* **AIM OF THE TASK**
With the pictures excluded, output only the lines from the one containing "moinkerin 50 Farben" through the last line of the entries, unchanged.

Data excerpts:
------------------------

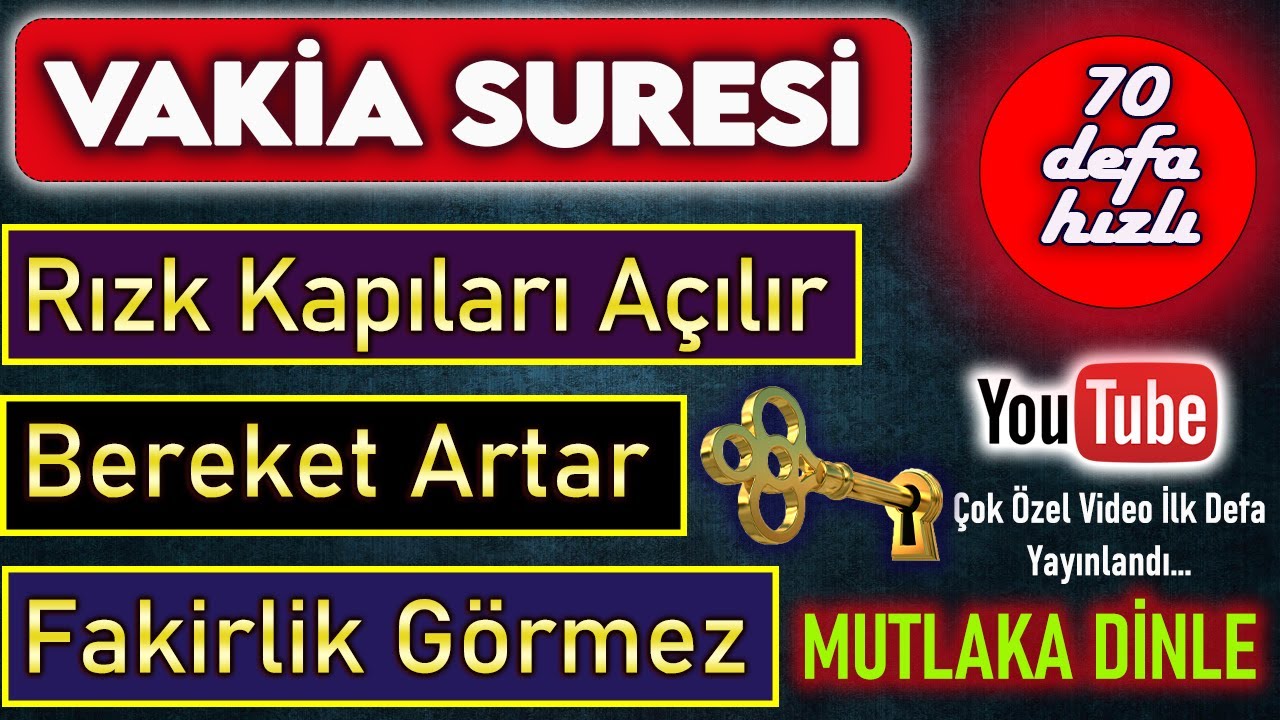 VAKIA SURESİ 70 DEFA DİNLE Etkili Dualar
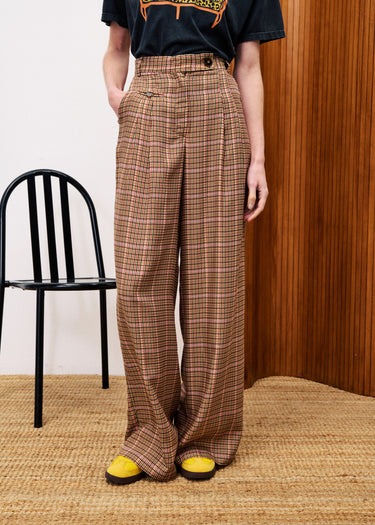 pantalon de mujer de cuadros canelle frnch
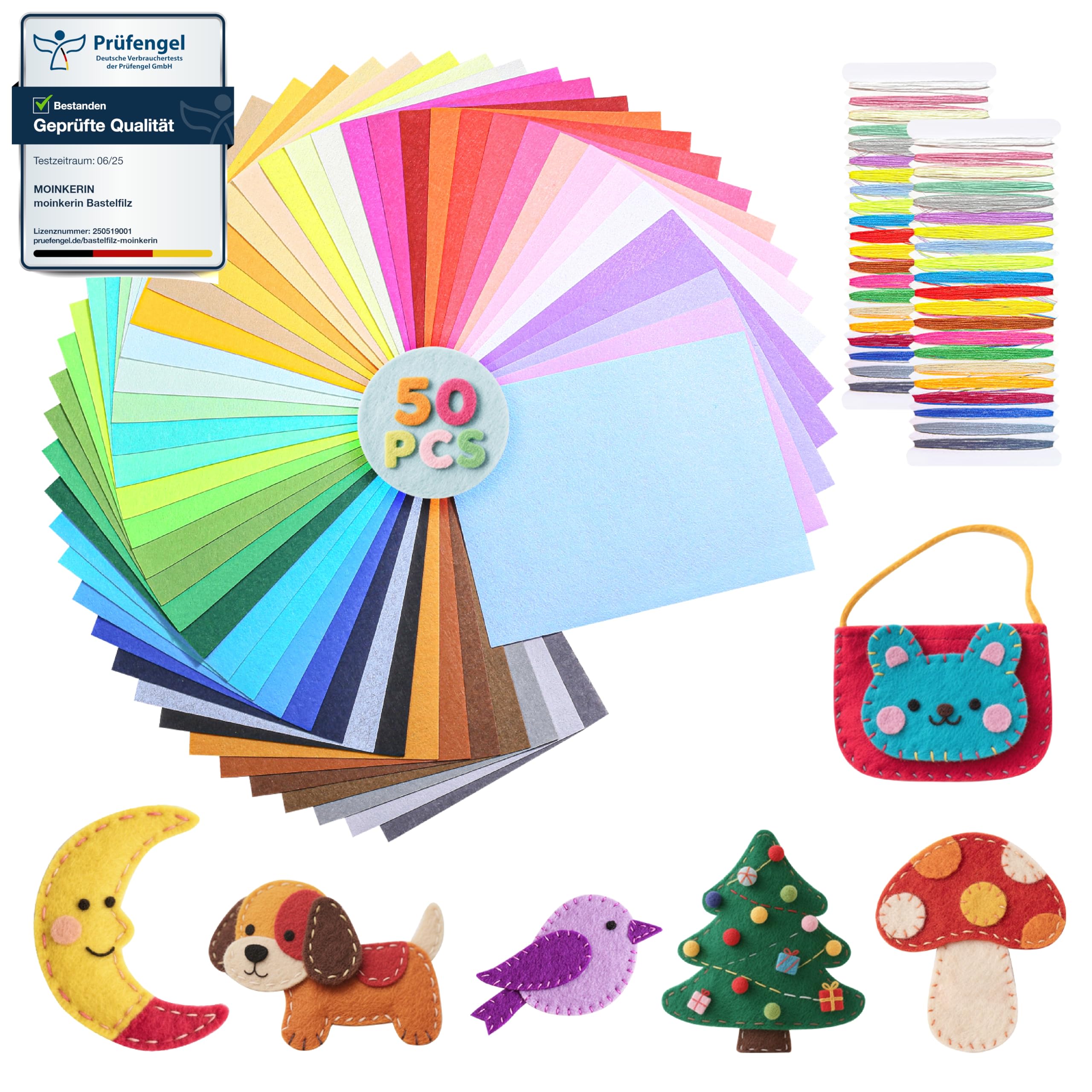 moinkerin 50 Farben Bastelfilz 40x30cm Filzstoff zum Basteln mit Nähgarn-Set 1mm Filzplatten für DIY Patchwork, Handarbeiten,Dekoration,Nähen Projekte (50 Stück)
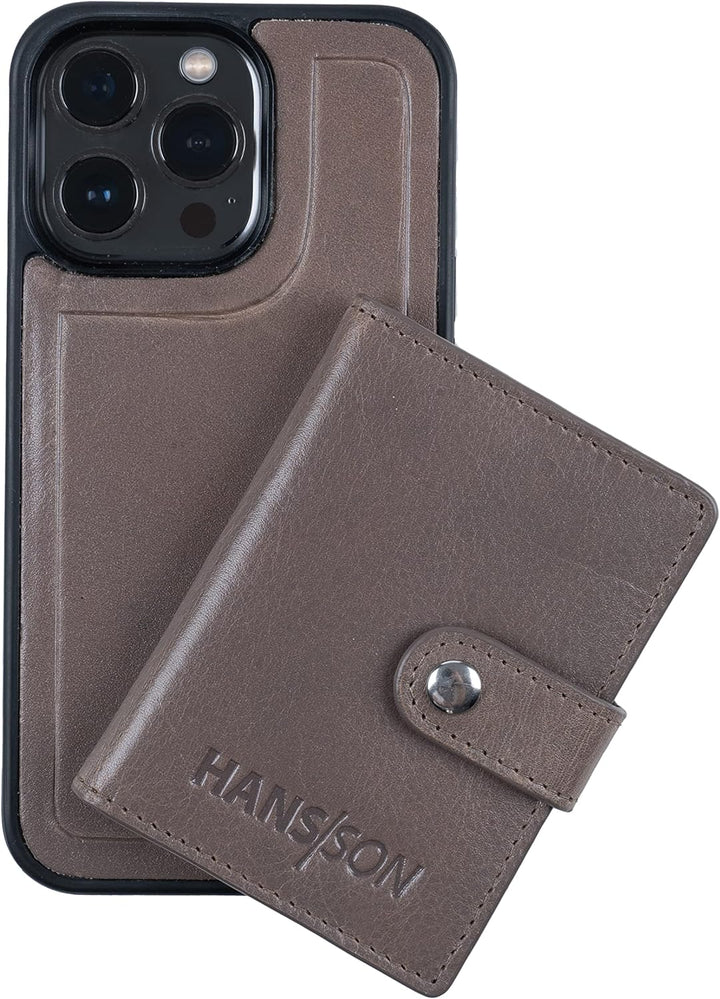 HANS/SON Handyhülle aus Echtleder mit Kartenfach | Für iPhone 13 Pro | Graues Ledercase mit Kreditka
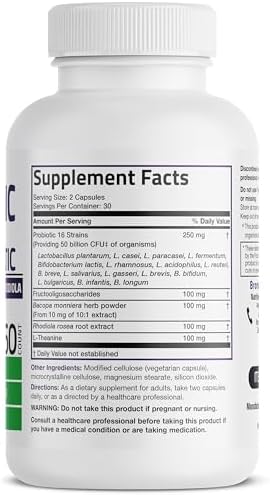 Probiotico Bronson Brain + Mood 50 Mil Millones CFU con Prebiótico, L-Theanina, Bacopa y Rhodiola, 60 Cápsulas Vegetarianas Non-GMO - imagen 2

------------------------

* **PROBLEM SOLUTION**
 moinkerin 50 Farben Bastelfilz 40x30cm Filzstoff zum Basteln mit Nähgarn-Set 1mm Filzplatten für DIY Patchwork, Handarbeiten,Dekoration,Nähen Projekte (50 Stück)
 HANS/SON Handyhülle aus Echtleder mit Kartenfach | Für iPhone 13 Pro | Graues Ledercase mit Kreditka
 Probiotico Bronson Brain + Mood 50 Mil Millones CFU con Prebiótico, L-Theanina, Bacopa y Rhodiola, 60 Cápsulas Vegetarianas Non-GMO - imagen 2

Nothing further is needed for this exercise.